BOYCEVILLE — The village board gave its approval for a private firm to open a recycling and type 4 salvage yard in the community.

Albert and Joanne Quakenbush appeared before the village board at their regular monthly meeting Monday evening, December 10th, and told the board of their plans. They will be located in the former Hedlund building on East Street and will accept many items for recycling.

Joanne Quakenbush indicated that they accept almost all types of items that can be recycled. “We want to keep it out of landfills,” she told the board. They will accept over a dozen different types of plastics, scrap metals, cardboard, electronics and stoves, washers and dryers, but they will not accept refrigerators, freezers or air conditioners. They will also accepted old vehicles.

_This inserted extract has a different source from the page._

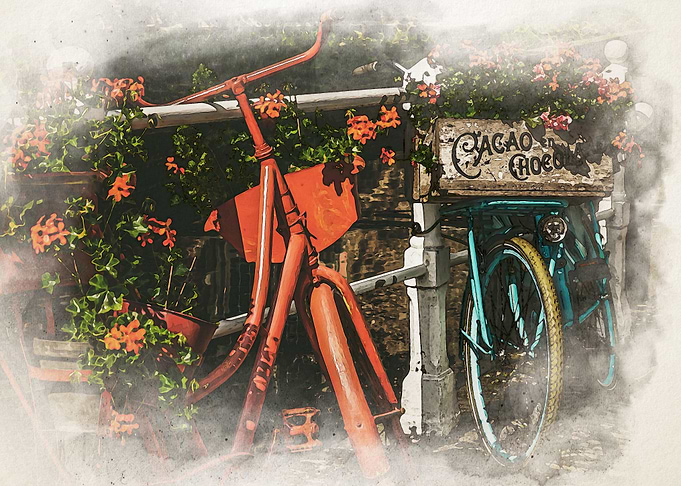 Cycle Watercolor Artwork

She said that vehicles are stripped of their batteries, tires and gas tanks and then shipped to salvage yards or firms that strip off the parts. As for the other recyclables, they package them up into 40,000-pound loads for shipment to firms that handle those items.

No Outside Storage
The Quakenbushs were quick to point out that there would be no storage of recycling items or vehicles outside. “All our operations are within the building and everything is inside,” she told the village board. The only thing that can be seen outside will be the trucks moving recycled items on to other firms, she indicated.

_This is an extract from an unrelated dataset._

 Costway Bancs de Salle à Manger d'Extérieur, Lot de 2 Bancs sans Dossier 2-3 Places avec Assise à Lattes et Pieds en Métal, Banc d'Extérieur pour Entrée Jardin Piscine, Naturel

Village board members seemed to be concerned about outside storage and they questioned the Quakenbushs about the operations and how they handled the gasoline left in tanks that were removed from vehicles. They said that it is stored in barrels and then moved off the site to other recyclers.

Village President Gib Krueger noted, “this is new to us and it is a little scary when you hear the word ‘salvage’.” But the Quckenbushs repeated that all the items would be stored within the building until it was shipped out in 40,000-pound loads.

Other Village Business
In other items that the village board talked about, there was a report from board member Herb Dow about a check. “We received a $6,396 check from ATT,” Dow told the board and we did not know what it was for. But he indicated that they contacted ATT and it was for the 2012 additional land lease of the cell phone pole on village property. Dow said that we thought it was part of their monthly payment.

The board approved an operator’s license for Felecia Diaz and a building permit to West CAP for re-roofing their building just west of the village hall.

They also heard Police Chief Dan Wellumson’s report and that his department had issued 15 to 20 warnings about winter parking and that they issued over a dozen citations on Monday following the snowstorm.